The morning after the sky caught fire, Tempus was sitting with Niko when Randal came to call.
"I'll see to him. Commander," said the mage, who touched his kris, from which healing water could be wrung.
Jihan had applied the powdered placenta of some unlucky cat, and Niko's eye was healing.
But these wounds would take a while, even with magic to help them.
And beside the stricken fighter, in the nursery, two children lay in sleep from which no one had yet managed to rouse them.
That, Tempus knew, was really what Randal must do here. But he had to say, "Stealth and I have reaffirmed our pairbond. Can you tend him in good conscience, with a minimum of magic?"

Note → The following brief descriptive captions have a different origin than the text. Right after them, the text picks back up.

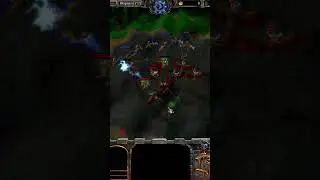 10 Грифонов vs 11 Виверн l стенка на стенку Warcraft 3 Reforged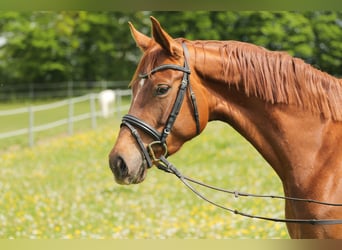 Hannoveraner, Stute, 4 Jahre, 172 cm, Dunkelfuchs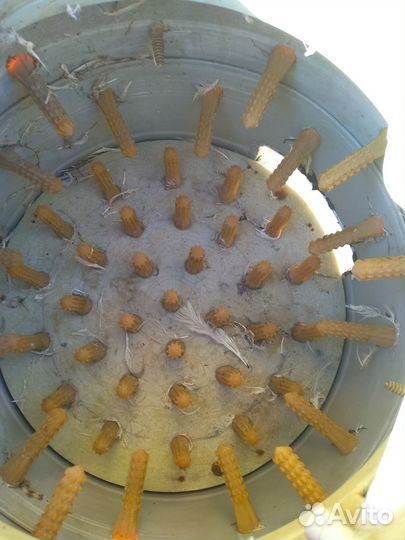 Перощипательная машина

Randal himself had once been paired with Stealth, at the Riddler's order, and loved the western fighter still.
The mage looked down, then up, then squared his shoulders. "Of course. And the children, too... if I have- their father's permission?"

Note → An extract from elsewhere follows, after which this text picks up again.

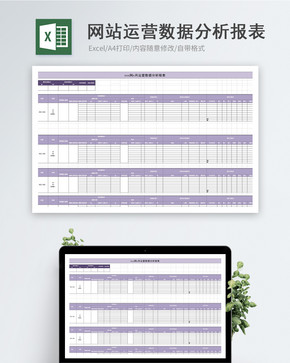 网站运营数据分析报表图片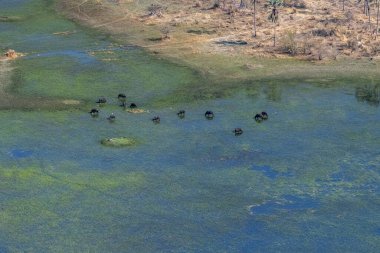 Botswana 'daki Okavango Deltası' nda otlayan Syncerus Cafer adında bir Bufalo sürüsünün hava görüntüsü..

"Ask the god that; he's the stud, not me," Tempus snapped and stormed out.
He had a woman to rape to placate the god within him, a necromant to thank in person, and a welcome to prepare for Theron, emperor of Ranke, when he arrived.
But Jihan found him before he could find a likely wench on the Street of Red Lanterns. H
er eyes were glowing and she squeezed his arm and wanted to know, "Just what kind of houses are these?"
He had half a mind to show her, but not the time: she'd come to get him to mediate between Crit and Strat in matters of command and to ask whether they could all attend a "fete for returning heroes" being given by friends of Ischade's who lived uptown, and whether he'd noticed anything strange about Strat's bay horse.
And since he had troubles enough of his own, and Jihan was one, he agreed to come with her, gave permission for the Band and Stepsons to attend the fete, and lied about the horse, saying he hadn't noticed anything strange about it at all.
DAGGER IN THE MIND by C. J. Cherryh
"My lady-" Stilcho said, ever so quietly. The dead Stepson hesitated in the doorway of the back room of the riverhouse. Hesitated longer. Ischade sat in the chair before the fire with her hands clasped between her black-robed knees and gazed there, the fire leaping and casting light on her face, on the bright scatter of cloaks and trinkets that made the house like some garish carnival.
And Ischade, a darkness in it, fire-limned. The wind rushed in the chimney. The fire roared up with a dizzy sibilance. The candles burned brighter so that Stilcho flinched back. Flinched and flinched again in the other direction, for he encountered a body behind him and a hard hand on his shoulder.
He turned and looked by mistake straight into Haught's dark Nisi eyes. A muscle jumped in his jaw. His throat grew paralyzed. Haught's grip burned him, numbed him; and there was no sound in all the world but the roar of the fire and no sight in the world but Haught laying a cautionary finger to his lips and drawing him away, quietly.
Back and back into the tangle of silks and drapes and shadow that was that over small room he shared with Haught.
And in this privacy Haught seized his shoulders and put his back to the wall, in the slithery touch of the silken hangings. Haught's eyes held his like a serpent's.
"Let me go," Stilcho said. The voice came through jaws that tried to freeze, that tried to turn to the cold unburied meat and bone that they were without Her influence. No pain, no agony. Just a dreadful cold as if something very solid had come between him and his life-source. "L-let me g-g-go. She s-said-" You weren't to touch me with magic-that was the part that stuck behind his teeth. There were just the eyes.